19.05.2017 08:56
Quelle: schweizerbauer.ch - sam
Betrug
Schon wieder Emmentaler gefälscht
Ein Käser aus dem Linthgebiet soll laut «St. Galler Tagblatt» nach 10 Jahren erneut Grosslochkäse als Emmentaler AOP falsch deklariert haben.

Schweinefleisch aus «normaler» Zucht mit dem Tierschutz-Qualitätslabel versehen, Grosslochhartkäse als Emmentaler verkauft. Nicht zum ersten Mal soll ein Käser und Schweinemäster aus dem Linthgebiet seine Kunden betrogen haben. Seit 2006 stand er dreimal vor Gericht, am 20. Juni kommt es zum vierten Mal zum Prozess.

Im März hatte ihn das St.Galler Kantonsgericht unter anderem wegen gewerbsmässigen Betrugs verurteilt. Er soll Schweinefleisch falsch deklariert haben. Das Bundesgericht wird noch über diesen Fall urteilen müssen.
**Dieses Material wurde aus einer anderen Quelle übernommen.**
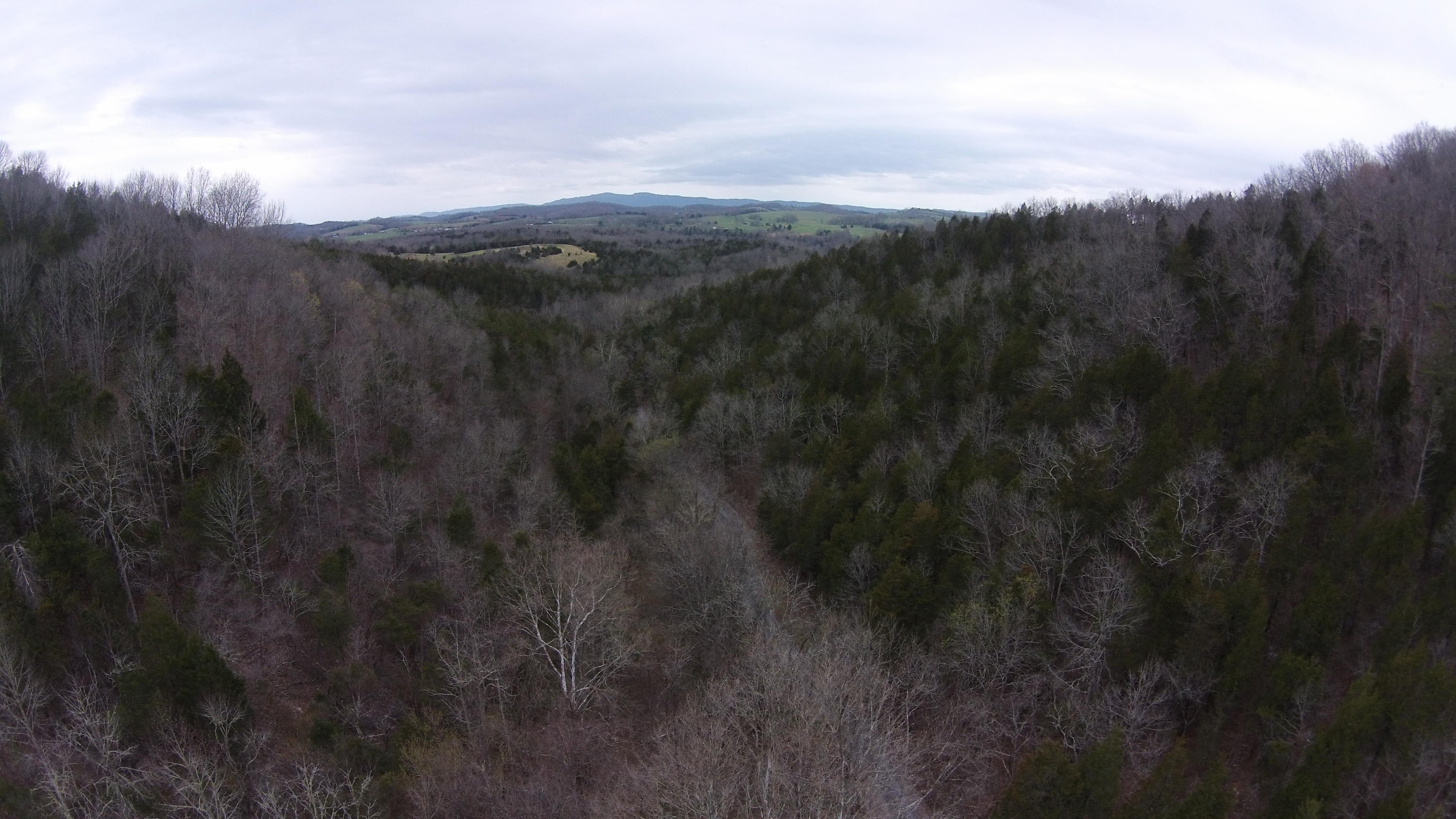 0 Powell River Road Jonesville, VA 24263 - Photo 27 of 30 DJI00014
Vor dem Kreisgericht See-Gaster geht es nun um Falschdeklaration von Emmentaler Käse. Der Vorwurf ist nicht neu: Schon vor zehn Jahren soll der 49-Jährige seinen Käse als Emmentaler verkauft haben, obwohl dieser den Kriterien nicht entsprochen hatte. Damals war der Mann vom Betrugsvorwurf freigesprochen worden.

Auch der Erfolg dieser erneuten Anklage sei unsicher, schreibt das «St. Galler Tagblatt». Die Staatsanwaltschaft hatte das Verfahren im Juni 2016 eingestellt. Erst eine Beschwerde der Emmentaler Switzerland führte zum Verfahren. Seinen Grosslochhartkäse, dem Emmentaler zwar ähnlich, aber nicht gleich, soll er mit Etiketten wie «Original-Emmentaler Switzerland» oder «Original Emmental Lo Svizzero» versehen haben.
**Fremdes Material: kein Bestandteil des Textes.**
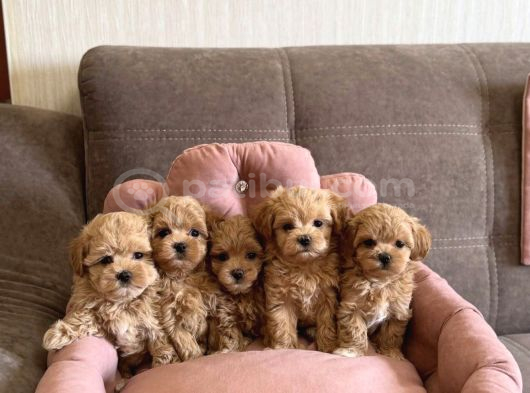 Eşsiz Güzellikte Maltipoo Bebekler görsel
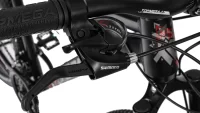 TOPMEGA REGAL R29 - Image 16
Der Grossteil des Käses wurde ins Ausland geliefert, rund 3447 Tonnen. Der Beschuldigte soll durch die angebliche Falschdeklaration die Abnehmer in die Irre geführt haben. Die Anklage wirft ihm vor, auf diese Weise einen Mehrerlös von über 12 Millionen Franken erwirtschaftet zu haben.